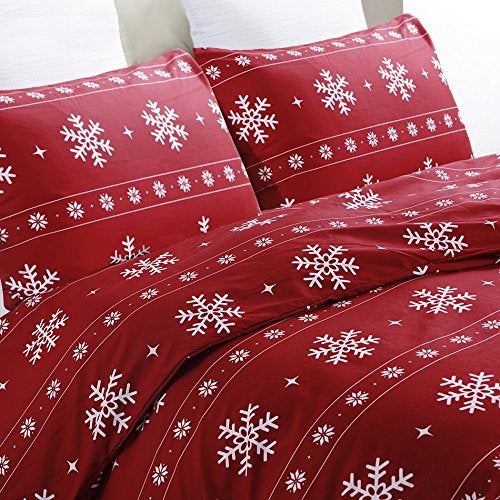 Vaulia Soft Microfiber Christmas Bedding Duvet Cover Set, Snowflake Pattern Design for Holidays, Red Color - Queen Size (1 Duvet Cover and 2 Pillow Shams) - Image 4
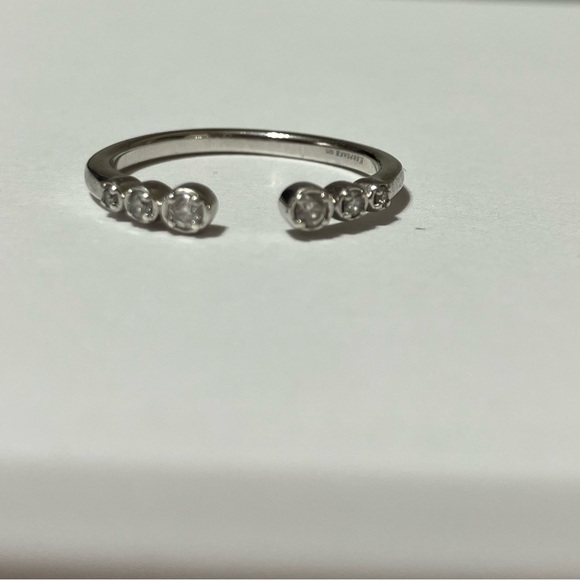 Keepsake Open Ring with Diamonds in Sterling Silver - Picture 3 of 6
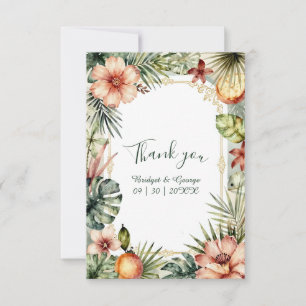 Tarjeta De Agradecimiento Boda floral boho tropical de Hawái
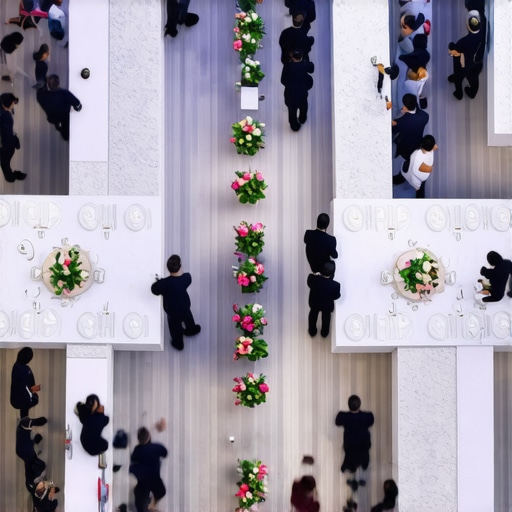 Diagram of a professional catering layout showing dual-lane buffet access for high-speed event service.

ABOUT THIS EXERCISE
A faithful copy of the data above is wanted, with every image left out.

ANSWER FOR THE TASK
 Vaulia Soft Microfiber Christmas Bedding Duvet Cover Set, Snowflake Pattern Design for Holidays, Red Color - Queen Size (1 Duvet Cover and 2 Pillow Shams) - Image 4
 Keepsake Open Ring with Diamonds in Sterling Silver - Picture 3 of 6
 Tarjeta De Agradecimiento Boda floral boho tropical de Hawái
 Diagram of a professional catering layout showing dual-lane buffet access for high-speed event service.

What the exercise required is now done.